Details from 28 OCT 20 Hunt

Details from 28 OCT 20 Hunt

Published

#0039

As you may recall I had a big hog on the camera Tuesday night. He got in front of the camera but did not eat any of the corn. He’s old, he’s big, he’s smart.

I had a trip planned so I would be out of town for a few days.

Also, neighboring rancher Wade sent a photo of rooting damage near our city limits.

The call of civic duty outweighed an extra day away.

Wingman Greg was not available so I went to the fire station alone at 2100 Wednesday. I was sort of dozing in the recliner and decided to do a thermal scan just before 2300. My scan began at the garage bay window. Well, here he came still in the pasture but moving my direction.

There are lots of trees along the fence line so I soon lost track of him.

My options were to wait or to go outside and stalk. Well, I’m not one to wait…

I went to the back corner of the fire station and scanned: nothing. Possibly he could be headed back to the area he had just rooted. I moved to a position hoping to see him walking in the pasture along the fence.

Looking north into the pasture, looking west behind me. There he is crossing the fence headed toward the soccer field. If he’s there, no shot. I wait. He soon crosses the path I just took. Did he smell me? Did he see my truck parked by the fire station? Don’t know, dead pigs tell no tales.

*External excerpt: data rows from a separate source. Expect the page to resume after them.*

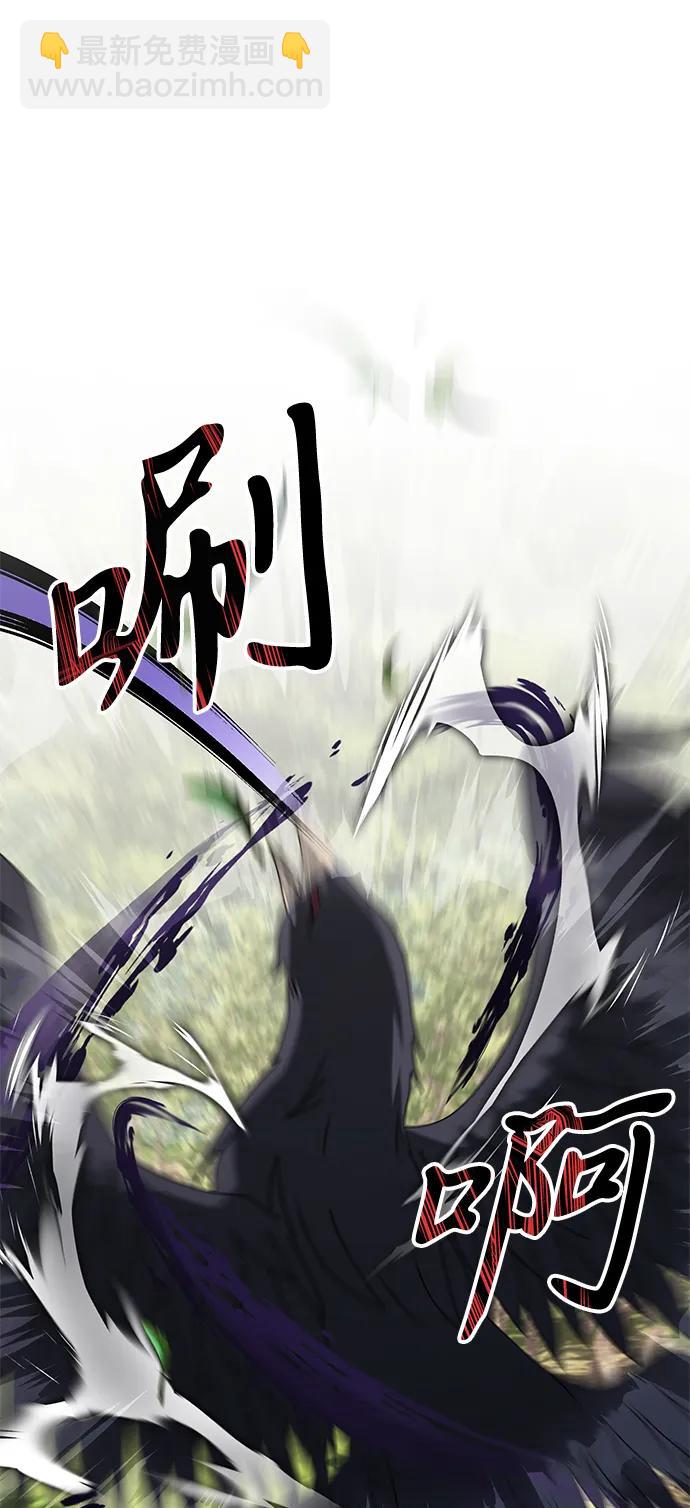 第59话66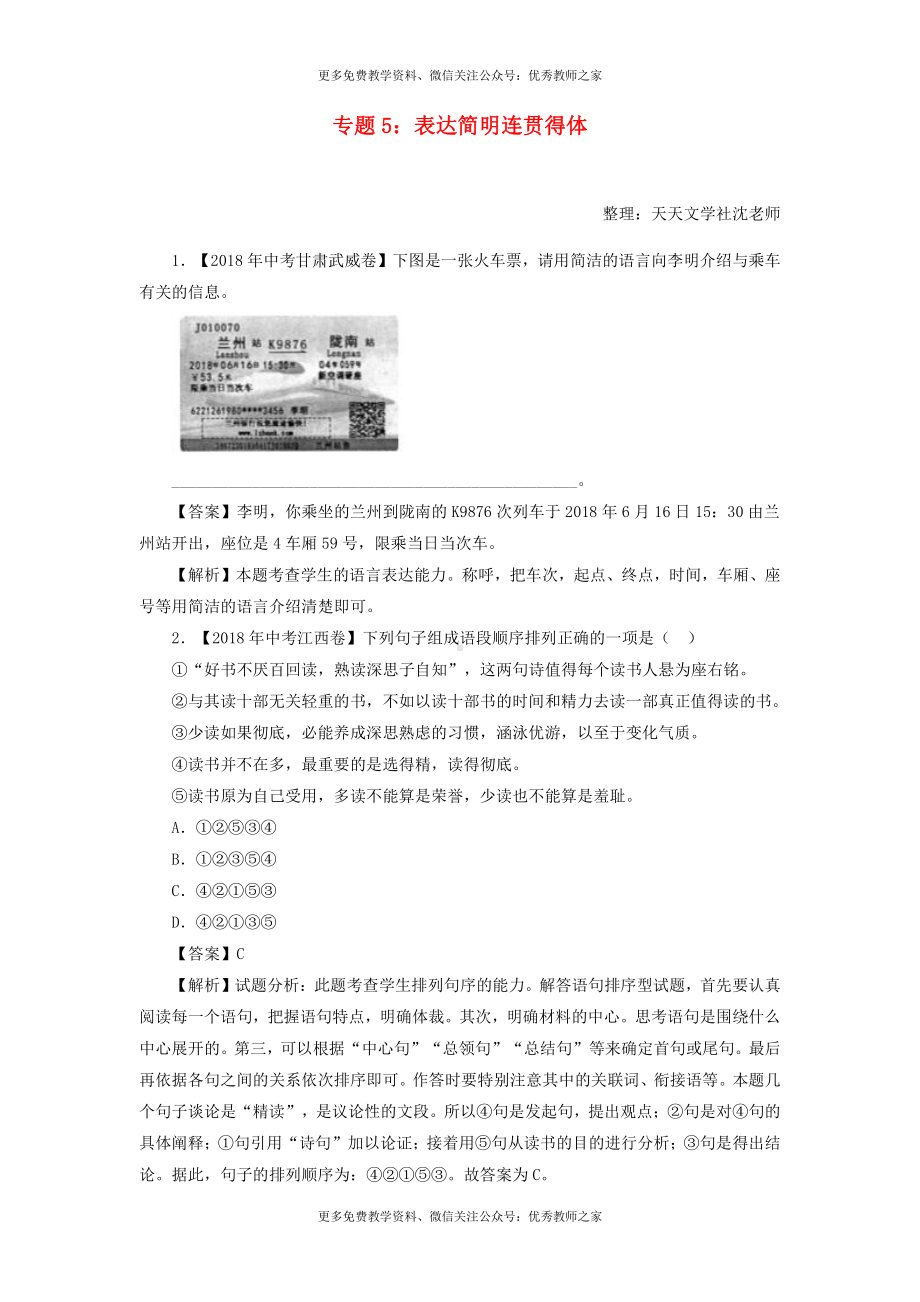 中考语文试题：专题05 表达简明连贯得体（含解析）.doc_第1页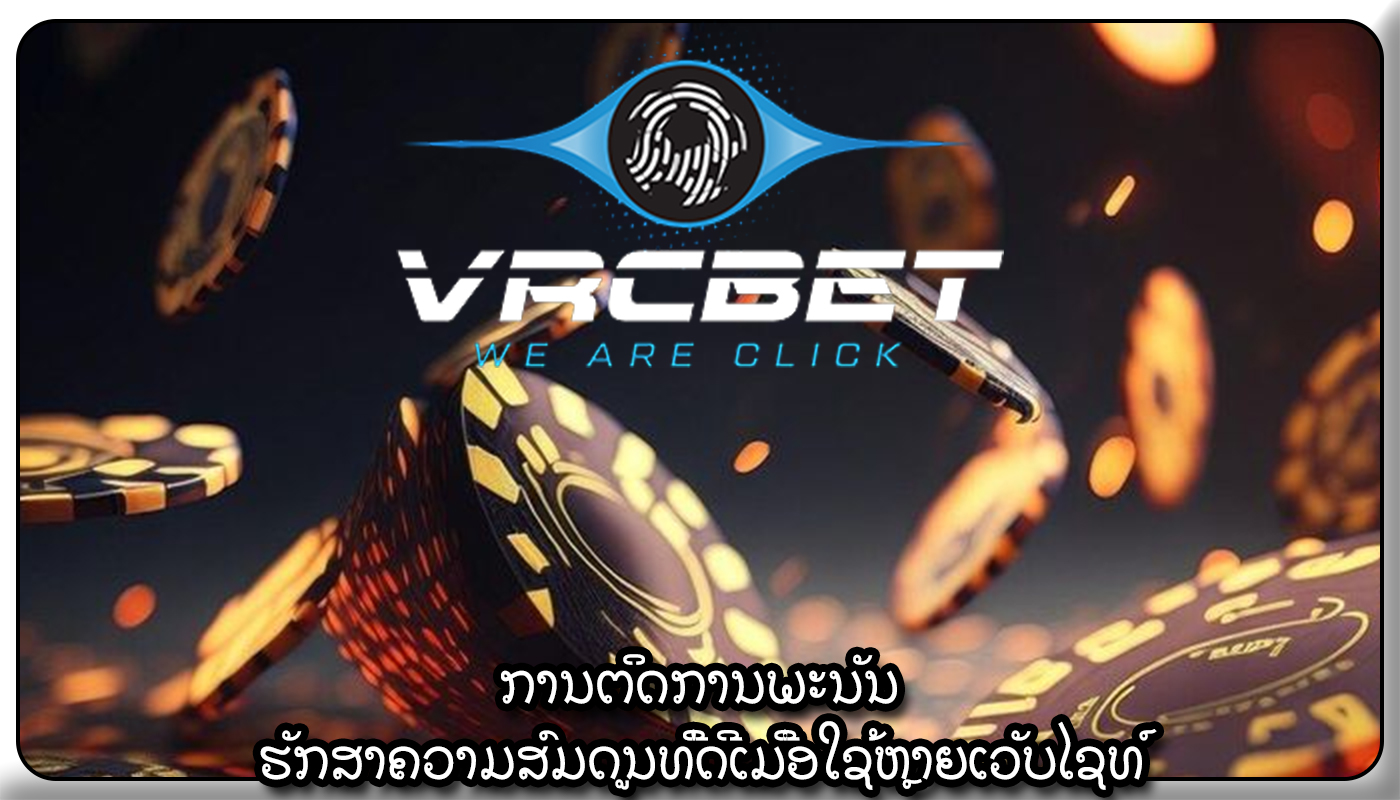 ການຕິດການພະນັນ ຮັກສາຄວາມສົມດູນທີ່ດີເມື່ອໃຊ້ຫຼາຍເວັບໄຊທ໌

In any case, he backtracked through the fence and back into the pasture. I move closer to the fence. It’s three days away from a full moon. A cold front had come through so the sky is clear and I’m bathed in moonlight. Not optimal.

Tripod up, scanning the path I hope he will take.

There he is at 30 yards. He slows, maybe he sees me.

I’m ready and I squeeze off the shot. He’s down and squealing. A second shot, and he’s quiet and still.

TBL (my wife: Tall Blonde Laura) asks me why I wasn’t getting it butchered. I explain that (1) a boar that big is not fit for the table (many people have told me) and (2) there is no way on earth that I could drag that big pig across the muddy pasture and through a fence and through a ditch. She seems unconvinced. (She likes the sausage made from feral hogs.) She remains skeptical and probably thinks that if her dad was involved, the hog would have been dragged, gutted, and ready for the processor.

Thursday AM I visit the dead hog (and forget to take a daytime photo, sorry).

I measure it’s heart girth because you can estimate a hog’s weight very quickly. Heart girth 48 inches which corresponds to 280 pounds. The big hog I shot last fall had a heart girth of 46 inches. So, I have a new personal best twenty pounds more that the pig with the exceptionally long tusks taken last year. (Also not butchered.)

TBL left first thing this morning to assist daughter-in-law with child care Thursday – Saturday, so I have not had the chance to show her the girth to weight table. She may still not be convinced. This says more about the measure of the man who was my father-in-law, but that is another story.

This hog was beautiful, so fat his skin was stretched like a balloon. His hair was shiny and sleek. He was well fed. (Will discuss this with rancher Wade. This hog stole a lot of cattle feed.)

Back to the hog. Off with his head which is now skinned and under my wash tub where the dermestid beetles and their larvae will consume everything except the teeth and bones. Soon I will have another European mount.

As I was driving out of town at about 0900, the buzzards were surrounding the remains of the pig. Breakfast is served.

I did not conduct a complete necropsy. However, one bullet entered his skull just above his left eye brow. Second shot tore up his throat. I did not try to recover the bullets, but maybe I should have.

Current tally is six hogs shot, four bodies sighted, two of which have already come back from the processor as sausage.